SUPPLIED DATA >>

- - - - -

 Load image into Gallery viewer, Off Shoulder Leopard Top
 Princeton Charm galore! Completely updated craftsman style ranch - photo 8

- - - - -

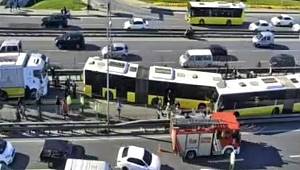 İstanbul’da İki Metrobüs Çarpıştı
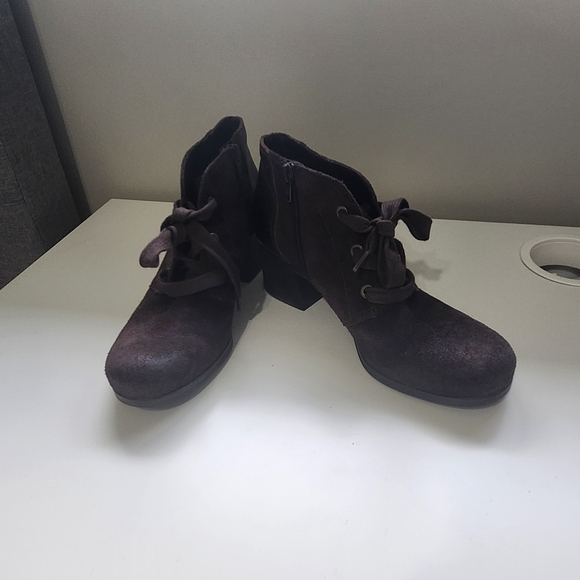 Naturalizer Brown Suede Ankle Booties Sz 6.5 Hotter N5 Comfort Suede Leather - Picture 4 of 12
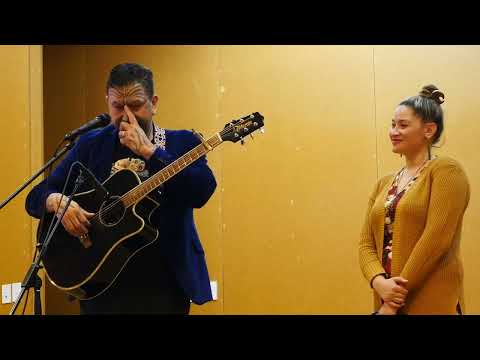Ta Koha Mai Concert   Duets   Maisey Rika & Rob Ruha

- - - - -

REQUIRED ACTION >>
Once the line with "Load image into" is found in the records above, print exactly that line and every line after it through the line with "Princeton Charm galore!".

ANSWER TO THE PROBLEM >>
 Load image into Gallery viewer, Off Shoulder Leopard Top
 Princeton Charm galore! Completely updated craftsman style ranch - photo 8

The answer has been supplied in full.